§ **What the task requires**
Within the entries below, the lines from the one with "Ngôi nhà thoáng sáng và hài hòa" through the one with "Book cover for" are to be set down exactly, both ends kept.

(Stored items)
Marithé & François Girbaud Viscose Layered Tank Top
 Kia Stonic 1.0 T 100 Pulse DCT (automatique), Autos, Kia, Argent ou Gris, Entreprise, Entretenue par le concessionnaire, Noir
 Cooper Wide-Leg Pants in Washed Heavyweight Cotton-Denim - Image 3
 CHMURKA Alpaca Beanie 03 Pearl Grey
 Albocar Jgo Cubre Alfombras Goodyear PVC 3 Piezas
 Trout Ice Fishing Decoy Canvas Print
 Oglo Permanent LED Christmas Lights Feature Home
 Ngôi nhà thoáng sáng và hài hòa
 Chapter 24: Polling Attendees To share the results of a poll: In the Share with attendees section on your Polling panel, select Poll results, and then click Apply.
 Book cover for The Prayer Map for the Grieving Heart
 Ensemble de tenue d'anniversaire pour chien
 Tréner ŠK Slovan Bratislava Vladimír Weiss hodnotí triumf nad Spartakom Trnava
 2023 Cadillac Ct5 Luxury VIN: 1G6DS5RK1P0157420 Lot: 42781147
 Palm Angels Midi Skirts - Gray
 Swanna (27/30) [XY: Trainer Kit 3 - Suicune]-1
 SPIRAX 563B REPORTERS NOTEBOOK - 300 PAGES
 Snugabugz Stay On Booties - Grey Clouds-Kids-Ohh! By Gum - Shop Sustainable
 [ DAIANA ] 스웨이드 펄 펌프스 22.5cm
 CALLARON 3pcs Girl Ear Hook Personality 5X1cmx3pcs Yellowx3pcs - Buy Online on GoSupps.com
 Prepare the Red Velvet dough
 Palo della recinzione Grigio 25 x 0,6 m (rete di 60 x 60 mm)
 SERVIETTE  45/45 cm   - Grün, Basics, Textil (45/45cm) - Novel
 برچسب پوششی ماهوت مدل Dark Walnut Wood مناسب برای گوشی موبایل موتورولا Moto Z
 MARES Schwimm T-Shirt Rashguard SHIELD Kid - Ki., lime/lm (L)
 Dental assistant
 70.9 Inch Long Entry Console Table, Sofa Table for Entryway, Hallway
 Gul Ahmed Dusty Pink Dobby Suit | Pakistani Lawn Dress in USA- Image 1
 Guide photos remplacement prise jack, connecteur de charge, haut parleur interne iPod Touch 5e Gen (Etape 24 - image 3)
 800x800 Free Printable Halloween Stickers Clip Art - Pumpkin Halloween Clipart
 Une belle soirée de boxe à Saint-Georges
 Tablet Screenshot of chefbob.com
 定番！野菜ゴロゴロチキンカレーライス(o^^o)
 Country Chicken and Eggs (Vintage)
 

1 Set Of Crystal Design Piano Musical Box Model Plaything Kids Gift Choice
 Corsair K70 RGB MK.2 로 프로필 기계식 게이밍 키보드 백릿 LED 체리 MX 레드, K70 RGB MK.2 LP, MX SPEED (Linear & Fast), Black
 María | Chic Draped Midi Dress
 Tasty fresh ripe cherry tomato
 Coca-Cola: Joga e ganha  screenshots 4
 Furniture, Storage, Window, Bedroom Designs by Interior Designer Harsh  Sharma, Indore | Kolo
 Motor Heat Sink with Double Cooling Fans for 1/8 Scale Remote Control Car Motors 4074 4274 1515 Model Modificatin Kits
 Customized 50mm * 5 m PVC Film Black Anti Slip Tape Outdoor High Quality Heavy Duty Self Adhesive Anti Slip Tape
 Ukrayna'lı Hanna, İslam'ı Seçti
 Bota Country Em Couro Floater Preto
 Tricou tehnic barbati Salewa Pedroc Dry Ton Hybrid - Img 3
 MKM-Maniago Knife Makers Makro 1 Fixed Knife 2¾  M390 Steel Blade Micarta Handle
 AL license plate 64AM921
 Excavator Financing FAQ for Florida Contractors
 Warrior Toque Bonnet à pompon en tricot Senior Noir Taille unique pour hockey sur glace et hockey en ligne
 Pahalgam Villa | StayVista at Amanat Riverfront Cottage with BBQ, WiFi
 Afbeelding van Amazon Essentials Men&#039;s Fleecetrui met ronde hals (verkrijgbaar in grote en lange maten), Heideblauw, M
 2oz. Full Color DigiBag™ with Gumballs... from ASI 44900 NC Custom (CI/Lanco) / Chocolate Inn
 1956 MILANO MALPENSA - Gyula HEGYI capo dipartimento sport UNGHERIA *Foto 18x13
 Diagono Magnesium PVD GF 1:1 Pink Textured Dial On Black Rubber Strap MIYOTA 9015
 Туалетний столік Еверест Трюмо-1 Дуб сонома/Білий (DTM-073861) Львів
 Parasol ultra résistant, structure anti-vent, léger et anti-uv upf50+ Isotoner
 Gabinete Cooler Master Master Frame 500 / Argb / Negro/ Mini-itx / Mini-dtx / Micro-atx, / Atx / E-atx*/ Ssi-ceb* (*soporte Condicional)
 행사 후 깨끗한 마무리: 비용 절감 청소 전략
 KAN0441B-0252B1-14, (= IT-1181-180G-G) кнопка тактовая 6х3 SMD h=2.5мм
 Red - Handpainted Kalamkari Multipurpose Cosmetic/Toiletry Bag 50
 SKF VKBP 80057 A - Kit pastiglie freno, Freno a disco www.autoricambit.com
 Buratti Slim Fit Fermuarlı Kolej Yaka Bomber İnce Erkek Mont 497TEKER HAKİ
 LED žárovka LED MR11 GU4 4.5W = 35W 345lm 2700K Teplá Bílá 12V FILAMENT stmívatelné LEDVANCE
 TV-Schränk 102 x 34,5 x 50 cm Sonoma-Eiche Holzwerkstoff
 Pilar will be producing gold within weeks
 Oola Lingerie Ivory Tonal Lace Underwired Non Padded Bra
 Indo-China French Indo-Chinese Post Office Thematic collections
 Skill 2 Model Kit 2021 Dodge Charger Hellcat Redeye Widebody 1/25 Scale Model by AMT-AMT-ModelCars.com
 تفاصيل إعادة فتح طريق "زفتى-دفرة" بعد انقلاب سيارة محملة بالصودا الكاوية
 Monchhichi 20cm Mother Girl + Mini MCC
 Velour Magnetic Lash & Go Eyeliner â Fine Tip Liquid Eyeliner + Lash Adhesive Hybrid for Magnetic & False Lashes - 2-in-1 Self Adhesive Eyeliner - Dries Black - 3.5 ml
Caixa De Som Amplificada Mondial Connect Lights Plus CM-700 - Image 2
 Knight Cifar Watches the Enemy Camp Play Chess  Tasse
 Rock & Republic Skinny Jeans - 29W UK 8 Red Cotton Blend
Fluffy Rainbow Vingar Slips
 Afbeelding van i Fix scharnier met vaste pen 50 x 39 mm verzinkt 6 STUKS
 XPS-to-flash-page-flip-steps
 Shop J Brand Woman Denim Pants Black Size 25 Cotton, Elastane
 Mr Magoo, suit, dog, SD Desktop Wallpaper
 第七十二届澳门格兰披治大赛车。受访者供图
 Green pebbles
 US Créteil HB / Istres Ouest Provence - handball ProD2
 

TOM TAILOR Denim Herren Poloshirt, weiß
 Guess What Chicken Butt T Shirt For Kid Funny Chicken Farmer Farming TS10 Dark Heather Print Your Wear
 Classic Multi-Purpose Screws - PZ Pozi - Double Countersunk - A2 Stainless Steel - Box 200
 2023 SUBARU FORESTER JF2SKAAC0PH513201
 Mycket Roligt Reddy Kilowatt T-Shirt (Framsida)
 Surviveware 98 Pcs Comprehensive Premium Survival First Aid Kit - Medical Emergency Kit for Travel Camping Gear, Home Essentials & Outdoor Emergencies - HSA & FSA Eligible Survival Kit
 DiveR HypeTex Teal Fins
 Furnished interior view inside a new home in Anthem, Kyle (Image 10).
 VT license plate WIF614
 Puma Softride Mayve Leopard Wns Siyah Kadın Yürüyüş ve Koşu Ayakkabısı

§ **Your solution**
 Ngôi nhà thoáng sáng và hài hòa
 Chapter 24: Polling Attendees To share the results of a poll: In the Share with attendees section on your Polling panel, select Poll results, and then click Apply.
 Book cover for The Prayer Map for the Grieving Heart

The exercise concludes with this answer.